# [Requirement]
Pictures are to be left out, and only the lines below starting at the one with "驚見滿臉血男浮屍！泰警打撈到一半 他「突復活」喊救命" and ending at the one with "Delicious carrot cake" are to be reproduced, each exactly, both ends included.

*** Opening of Task inputs ***

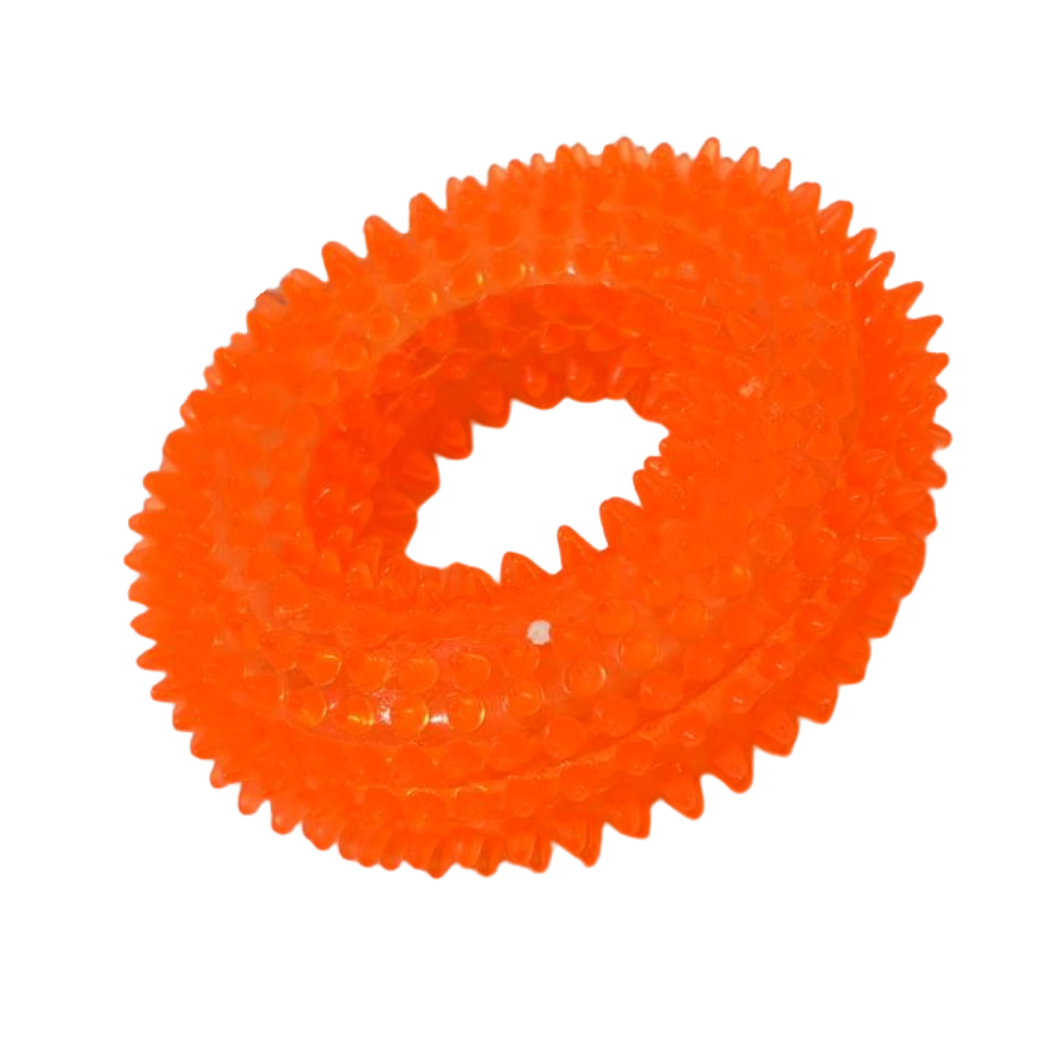 Rasca Encías Para Perro En Forma De Aro 10 Cm Con Sonido Colores Surtidos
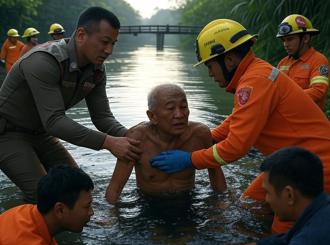 驚見滿臉血男浮屍！泰警打撈到一半 他「突復活」喊救命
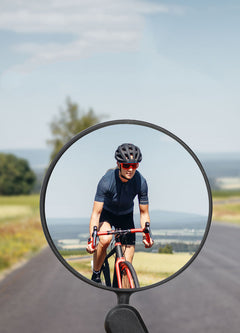 Round convex bike rearview mirror mounted on handlebar, black housing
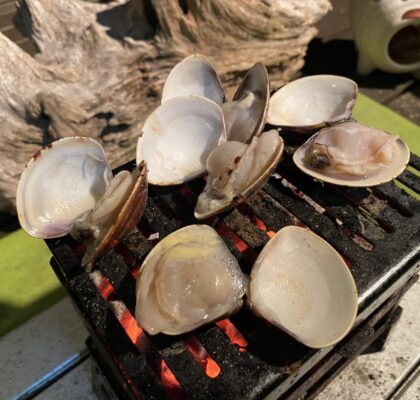 蛤を焼く
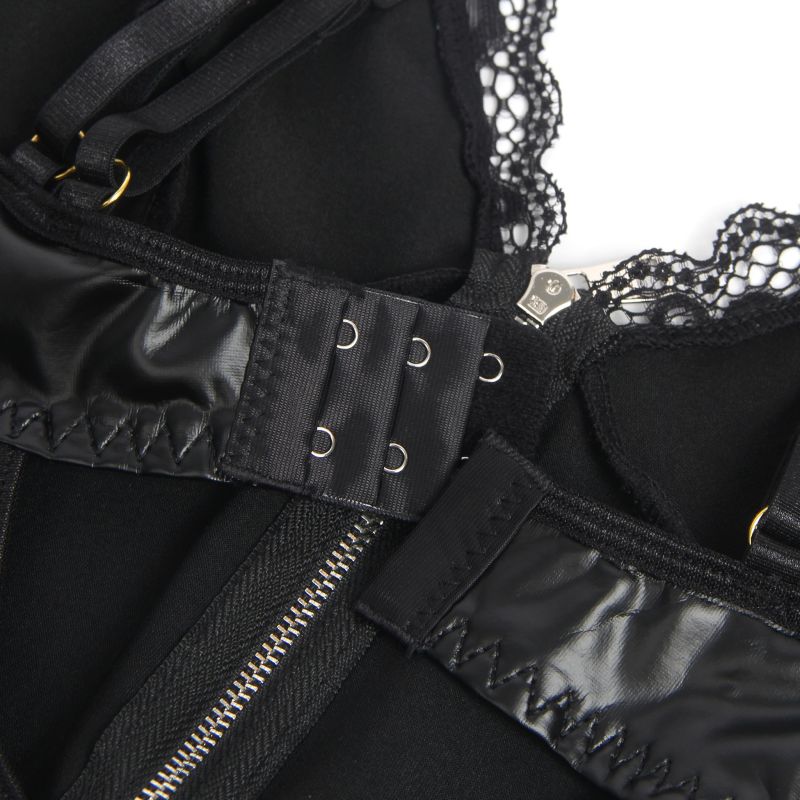 Корсет с подтяжками и подвязками Star Night на молнии, черный, S вид 8
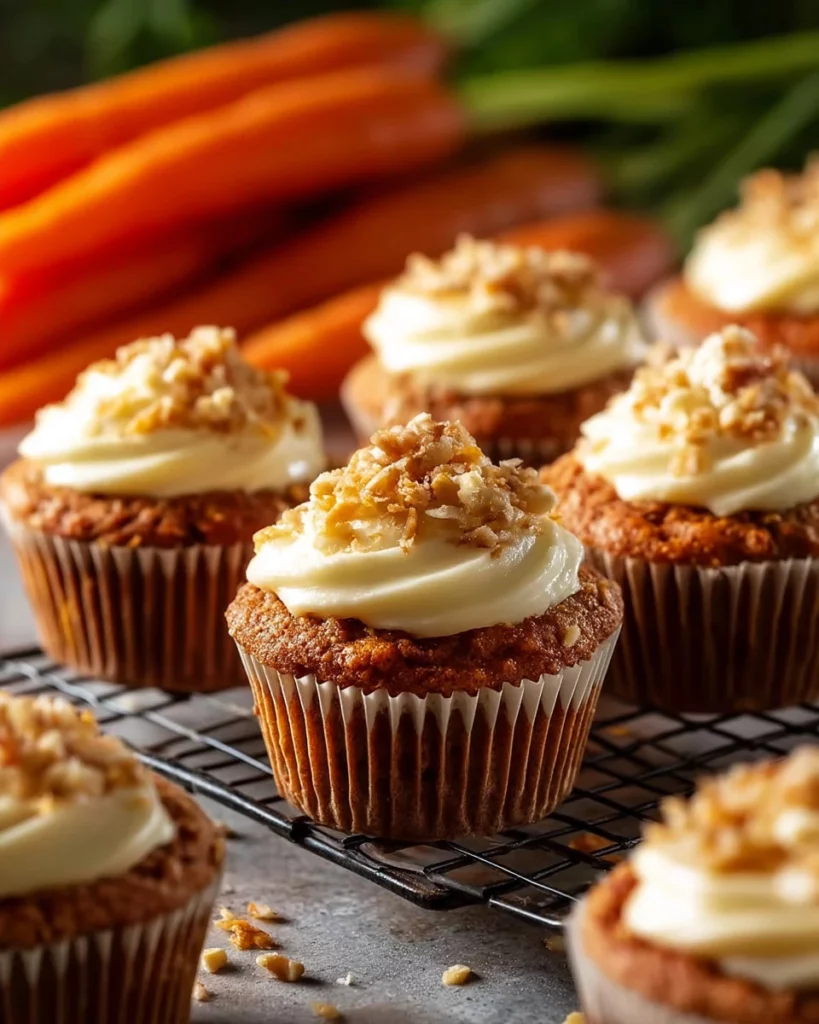 Delicious carrot cake cupcakes topped with cream cheese frosting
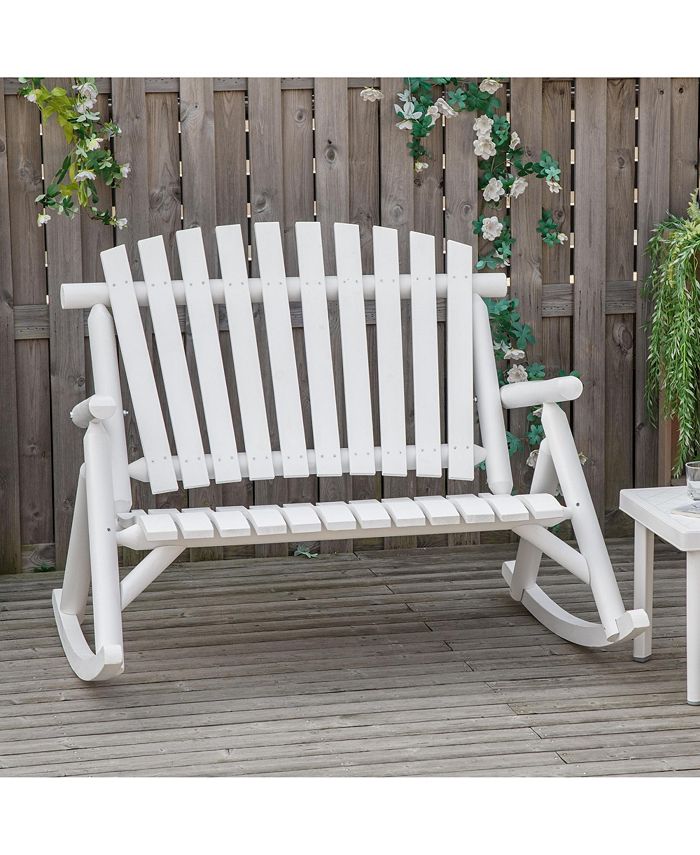 Outsunny Wooden Porch Rocking Chair, Wood Double Adirondack, 2 Person ...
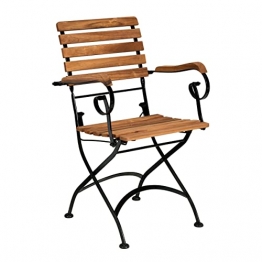 Butlers Gartenstuhl mit Armlehne PARKLIFE in schwarz 59x52x90 cm - Klappstuhl aus FSC-Akazienholz und Metall für Balkon oder Garten - 1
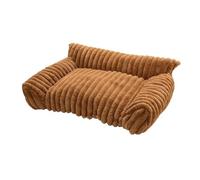 Pet Cushion, Panier Doux à Rayures for Chiens et Chats de Petite et Moyenne Taille, canapé Confortable en Peluche for Chiots, nid for Chat Amovible et Lavable ，Antislip Bottom(Khaki,M)
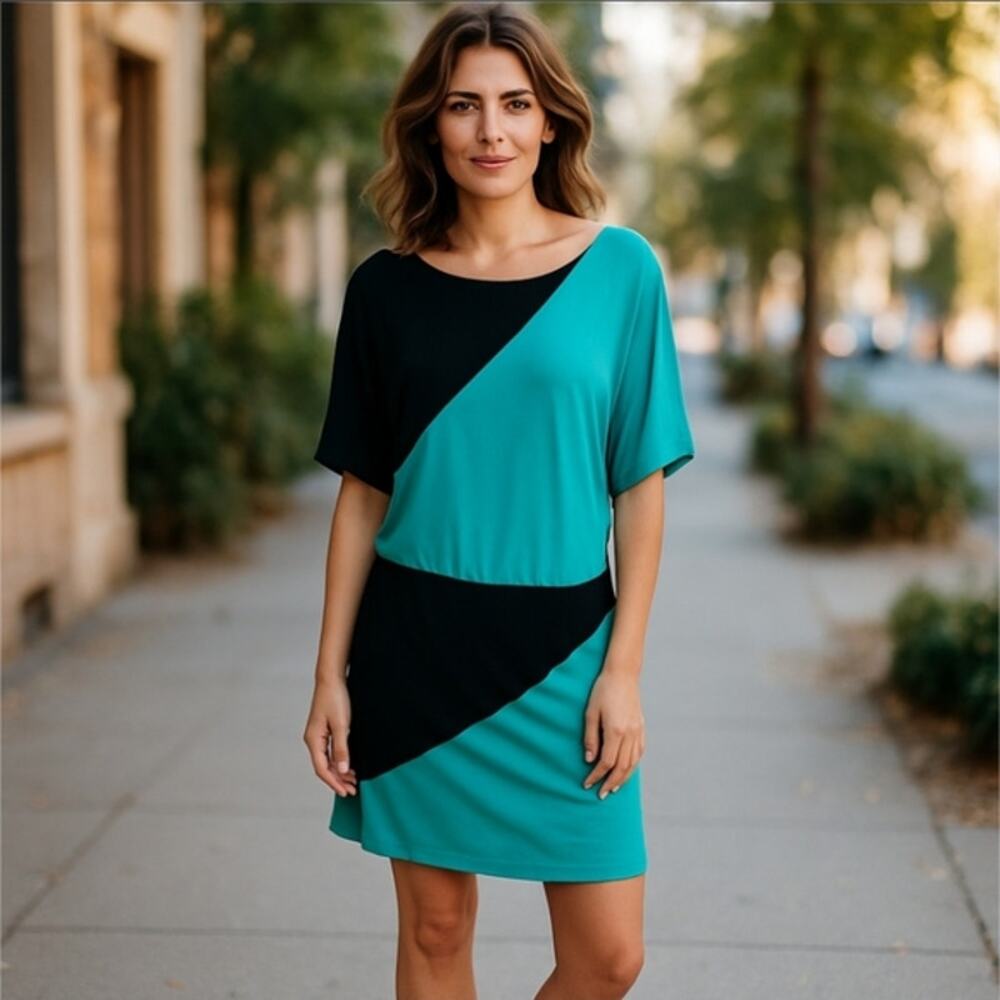 Soprano Color Block Geometric Dress Size 2X Nordstroms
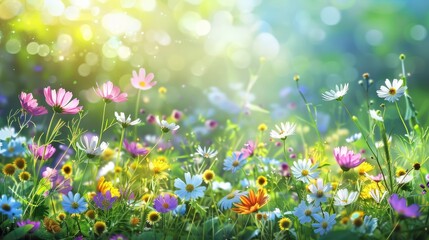 Fototapeta premium Blooms Dancing Among the Grass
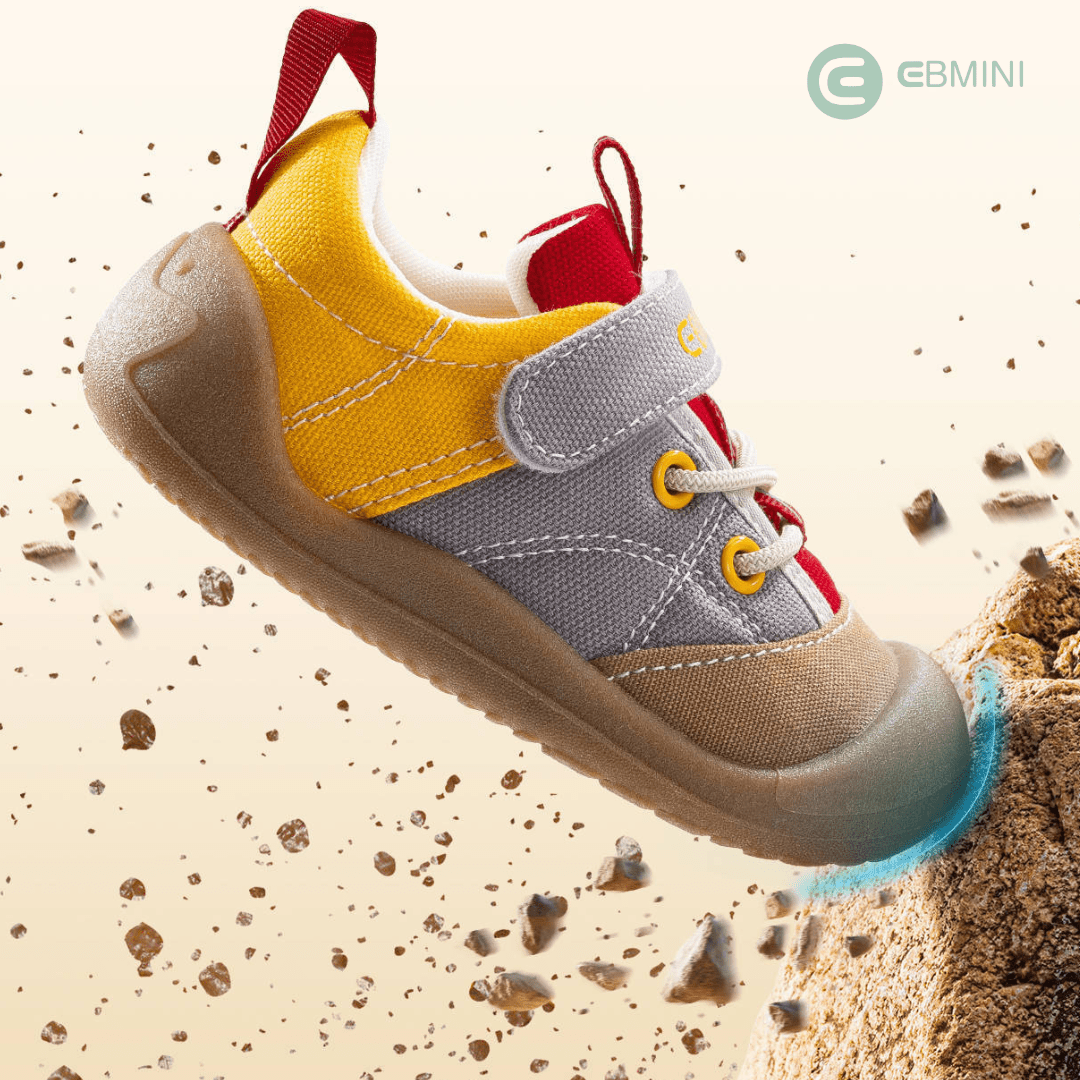EBMINI® KLE – Sneaker Barefoot Ultraleggere per Bambini - Ebmini Italia - Giallo - 22 (soletta 13,2 cm)
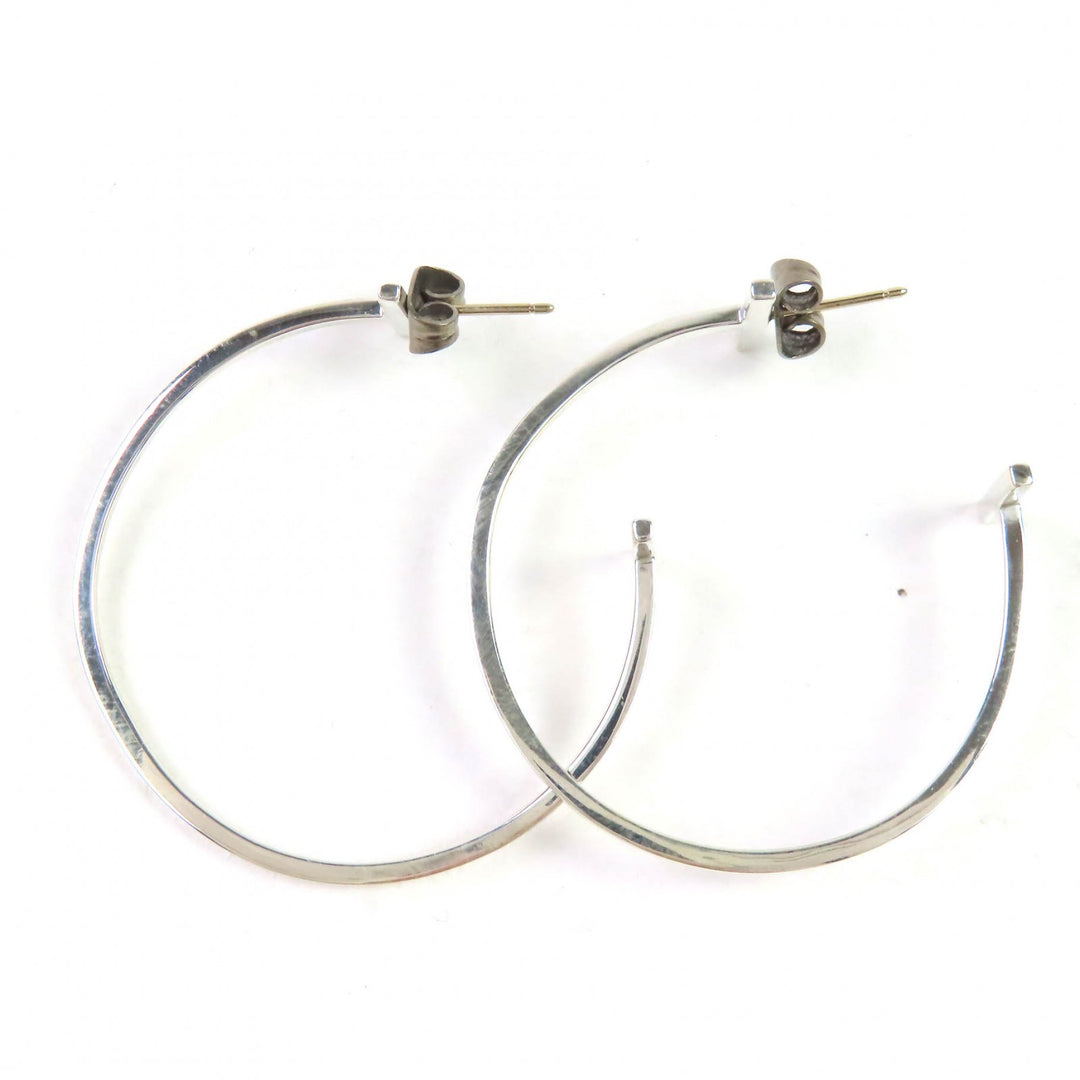 Very Good TIFFANY&Co. T-wire Hoop Earrings, Large Silver 925 Women
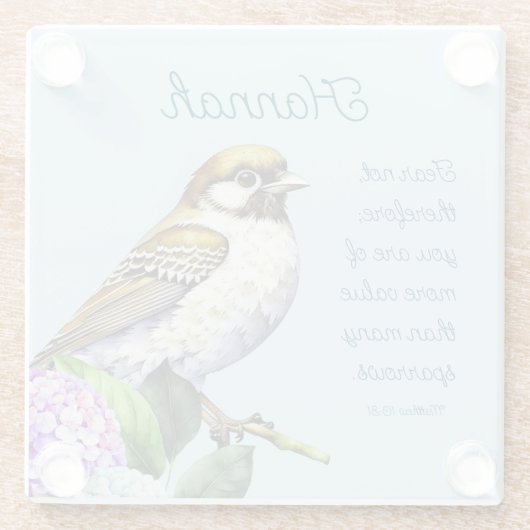 Dessous-de-verre En Verre Écriture Matthieu 10:31 (Dos)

*** Close of Task inputs ***

# [Answer to the exercise]
 驚見滿臉血男浮屍！泰警打撈到一半 他「突復活」喊救命
 Round convex bike rearview mirror mounted on handlebar, black housing
 蛤を焼く
 Корсет с подтяжками и подвязками Star Night на молнии, черный, S вид 8
 Delicious carrot cake cupcakes topped with cream cheese frosting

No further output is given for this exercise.